自那时起,阿巴斯一直无限期连任。他的警察继续与辛贝特(Shin Bet,以色列国家安全局)密切合作,以镇压约旦河西岸的民众骚动。它们可比阿拉法特在奥斯陆协议里的建立“Scurrier”体制更加极端[18]。阿巴斯政府由表及里尽最大努力满足美国愿望。在美国的监督下,巴勒斯坦民族权力机构建立了一套“赢家通吃”(first-past-the-post)的选举制度,扭曲代表性以偏袒法塔赫。然后这套选举制度就在2006年让法塔赫自己吃了亏。在美国的坚持下,为阿巴斯设了总理一职——这个职位没有交给阿拉法特,因为华盛顿想要制衡他。在阿巴斯接过阿拉法特民族权力机构主席一职后,总理由国际货币基金组织提名的萨拉姆·法耶兹(Salam Fayyad)担任。在美国的要求下,阿巴斯合谋阻止了一份联合国批评以色列在加沙行动的报告。当负责袭击加沙的奥尔默特被暂时澄清贪污指控时,阿巴斯连忙进行祝贺[19]


#3


未经合法程序而被任命为总理的法耶兹,美国将其吹捧为“有史以来,阿拉伯治理中最令人激动的新理念”(托马斯·弗里德曼如是说)。为加强镇压和与以色列公然勾结——仅仅2009年就与以色列进行了超过1200次联合行动[20]——法耶兹摆出了一套专家治国的面孔。“除了从这一安排中获益的小团体之外,”萨雷·马克迪西(Saree Makdisi)写道,“看到阿巴斯手下接受美国培训、得到以色列装备的巴勒斯坦民族权力机构武装,与以色列军队一道——甚至有可能直接听令于以色列——袭击约旦河西岸的难民营,以寻找潜在的抵抗力量。这对于全体巴勒斯坦人来说,简直是荒谬之极。” [21]在由三星将军领导的美国特别安全协调团队掩护下,这种镇压帮助以色列军队腾出手进攻加沙。虽然阿拉法特和阿巴斯的亲信,如亿万富翁穆尼卜·阿尔-马斯里(Munib al-Masri)(约旦河西岸的首富,估计其财富相当于巴勒斯坦国内生产总值的三分之一)赚得盆满钵满。但约旦河西岸占领区人民的生活仍然如往常一样悲惨。超过500个路障控制着出行,ta们的日常生活受到成千上万条军事法规的约束。人均收入在十几年之后才刚刚恢复到1999年的水平[22]
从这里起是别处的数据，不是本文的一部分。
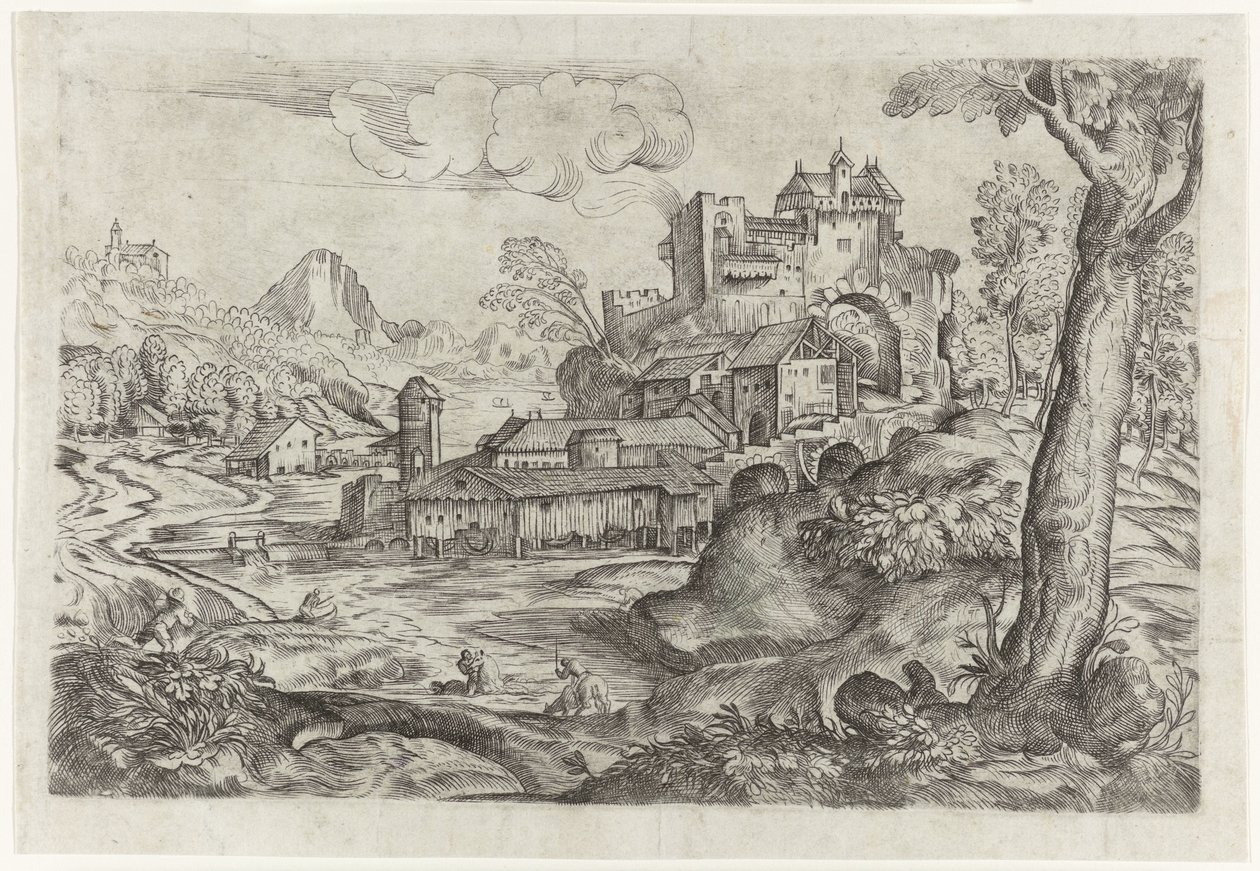 Landskab med flod og slot af Angelo Falconetto (attributed to)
与此同时,加沙的哈马斯被美国和欧盟视为恐怖组织,因为它拒绝放弃武装抵抗,不承认以色列。哈马斯统治着一个沿海地带,其居民由于不断入侵的封锁和打击,陷入深渊般的苦难。从短期来看,以色列国防军对无谓的火箭弹袭击——不是所有都来自哈马斯——进行大规模报复,每次都让依然屹立的哈马斯提高了爱国主义声誉。但是,每次报复都打击了哈马斯维持居民艰难生活的能力。因此,哈马斯每次都需要更加强硬的政治手段以弥补民众支持的减弱,这让哈马斯越来越接近法塔赫的所作所为[23]对整个加沙飞地,以色列通过空中、海上和陆地监视,控制淡水、燃料和电力供应,从而在无需占领的前提下保持支配地位。一旦塞西独裁政权[24]关闭了加沙地带通向西奈半岛的通道——加沙通往外界的唯一出口,哈马斯便会陷入困境。迄今为止,从叙利亚迁至卡塔尔的哈马斯外部领导层,尝试着发出愿意配合西方解决巴勒斯坦问题的信号,却一直遭到拒绝。哈马斯可以接受一份在名义上实现全国统一政府的协议。按照协议,法塔赫可以组建一个名义上控制两个地区的政府,条件是支付加沙地带的40,000名哈马斯官员的工资,以及承诺普选产生新议会[25]。这两者目前都没有实现,哈马斯仍然遭到西方禁运。


#4


与此同时,犹太复国主义的影响力稳步扩大。在奥斯陆协议前夕的1991年,约有95,000名犹太定居者居住在约旦河西岸。二十年后,这一数字增至350,000。在以色列征服东耶路撒冷五年后,其犹太人口仍然只有9,000。而今,这一数字已经超过了150,000,甚至接近200,000[26]。总而言之,现在有超过50万的犹太人居住在“占领区”。ta们的定居是以色列有意和持续努力的计划。国家组织、资助并保护着定居点的建设,投入总金额约为280亿美元[27]。自从奥斯陆协议以来,ta们的增长速度是以色列国内人口增长速度的两倍以上。与广泛的看法相反,奥斯陆协议中没有禁止犹太人定居点;ta们是“和平进程”的合法方面,ta们从一开始起就是“和平”的最好诠释。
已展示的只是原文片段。